Xgboost: [Roadmap] 1.1.0 Roadmap

Created on 21 Feb 2020  路  23Comments  路  Source: dmlc/xgboost

@dmlc/xgboost-committer please add your items here by editing this post. Let's ensure that

  • Each item has to be associated with a ticket
  • Major design/refactoring are associated with a RFC before committing the code
  • Blocking issue must be marked as blocking
  • Breaking change must be marked as breaking

For other contributors who have no permission to edit the post, please comment here about what you think should be in 1.1.0.

  • [x] Add Survival analysis objective: Accelerated Failure Time (#4763)
  • [x] Optimized ApplySplit and UpdatePredictCache functions on CPU (#5244). This concludes the 'hist' optimization work by @SmirnovEgorRu. Roadmap: #5104
  • [x] Refactored setup.py (#5271, #5280)
  • [x] Gradient based sampling for GPU Hist (#5093)
  • [x] Wide dataset quantile performance improvement (#5306)
  • [x] Thread safe in-place prediction (#5389).
  • [x] JSON serialization of R XGBoost object (#5123)
  • [ ] DMatrix refactoring (WIP) (#5327, #5220, #5302, #5312, #5315, #5321). RFC #4354, Roadmap #5143
  • [x] Pass feature count from JVM to native layer (#5199, #5202, #5303)
  • [x] Deterministic GPU Histogram building (#5023).
  • [x] Use configured header in CMake (#5514)
  • [x] Parameter validation for scikit-learn and R (#5477, #5569)
roadmap

Most helpful comment

Proposal: this time, let us not wait too long until the next release.

All 23 comments

Proposal: this time, let us not wait too long until the next release.

@JohnZed @datametrician

Please Add Survival analysis objective: Accelerated Failure Time https://github.com/dmlc/xgboost/pull/4763

LGTM especially #5023. Thanks @hcho3!

@avinashbarnwal See the first item in the list.

@hcho3 would be great if we can look into https://github.com/apache/incubator-tvm/issues/4953

@tqchen I will look.

@CodingCat can please you help us resolve the last JVM issue for the release?

Reverting the status for DMatrix refactoring.

@trivialfis Is DMatrix refactor blocking 1.1.0 release?

@hcho3 I just want https://github.com/dmlc/xgboost/pull/5504 before 1.1, the PR fixes prediction on device dmatrix which is part of dmatrix refactoring. Also, the weighted sketching is not yet implemented for device dmatrix, but this is not blocking.

Also please let me give a deeper look into https://github.com/dmlc/xgboost/issues/5285 . Will continue profiling in coming days.

Got it.

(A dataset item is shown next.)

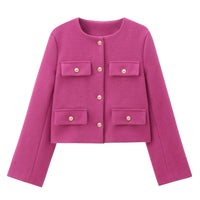 Thumbnail for Pink jacket with button details on a white background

I am now reviewing #5123.

@tqchen I cannot reproduce the issue in apache/incubator-tvm#4953.

I cannot reproduce the issue in apache/incubator-tvm#4953.

@tqchen Neither can I.

@hcho3 I'm happy to make the next release.

5209 is marked as blocking.

@hcho3 All blocking bugs are closed. Can we branch out? What can I help with the release process?

@trivialfis If you can provide a summary of your contribution that would be great. I will create a new branch.

@hcho3 Here is a list of PRs that are related to me, I omitted some trivial changes.

Python

  • Rewritten setup.py for aligning with Python package convension. (#5271, #5280)
  • [Breaking] Now the scikit-learn featured package is called
    xgboost[scikit-learn] instead of xgboost[sklearn] (#5310).
  • Enable parameter validation for scikit-learn interface. (#5477)
  • Fix booster checks in scikit-learn interface. (#5505)
  • Document update for cache and parameter validation. (#5517)
  • Fix scikit-learn nan tag for accepting inputs containing nan. (#5538)
  • Assert matching length of evaluation inputs in scikit-learn interface. (#5540)

R

  • R can now call xgb.config to get a JSON representation of internal
    configuration from booster.
  • Full raw serialization with model and parameters, which is used by bst$raw. (#5123)
  • Fix r interaction constraints when number of features is greater than 1e5. (#5543)
  • Fix dropped booster attributes by restoring attributes in
    xgb.Booster.complete. (#5573)
  • Enable parameter validation. (#5569)

JVM

  • Add JVM_CHECK_CALL macro in JVM C++ wrapper, this avoids some segfaults when
    dmlc::Error is thrown in C++. (#5199)
  • Pass number of features from JVM to C++. Lower level code now doesn't have to guess the
    data shape. (#5202)

C++

  • Refactor prediction cache. (#5302, #5220, #5312)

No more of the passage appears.